Over the past three months, the iShares Transportation Average ETF (NYSEArca: IYT), the ETF proxy for the Dow Jones Transportation Average Index, has tumbled more than 9% while the Dow Jones Industrial Average is off just 0.8%.

Wednesday’s 3.6% drop in shares of package delivery giant FedEx (NYSE: FDX) could represent another blow to IYT and rival transportation ETFs because while airline and railroad stocks, major parts of IYT’s lineup have recently flailed, FedEx has held firm.

After the company said it is unlikely to earn the $2.67 per share analysts are expecting for its fiscal first quarter, FedEx’s ability to provide near-term for the struggling IYT and the equal-weight SPDR S&P Transportation ETF (NYSEArca: XTN) is threatened. [Alternative View of Transport ETFs]

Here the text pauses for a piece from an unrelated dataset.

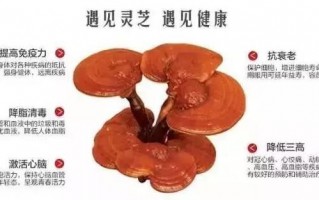 灵芝孢子粉的功用 之保护甲状腺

“With today’s gap down in FDX, I am looking at $174, below, as marking a dividing line as to whether the recent breakout will hold, or instead will represent a tipping point of the bifurcation discussed above within the sector. We know the airlines and rails are rather beaten-down here, so perhaps a mean-reversion trade could materialize with FDX coming in while the laggards bounce,” according to Chessnwine of MarketChess.

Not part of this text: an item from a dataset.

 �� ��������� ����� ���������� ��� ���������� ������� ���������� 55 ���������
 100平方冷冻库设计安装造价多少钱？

The $870.5 million IYT devotes 13.5% of its weigh to Tennessee-based FedEx, making the stock the ETF’s largest holding by a wide margin over FedEx rival UPS (NYSE: UPS). XTN, home to almost $397 million in assets under management, has a 2.7% FedEx allocation, making the stock the ETF’s fourth-largest holding. Airlines and railroads combine for over 34% of XTN’s weight and nearly 39% of IYT’s lineup.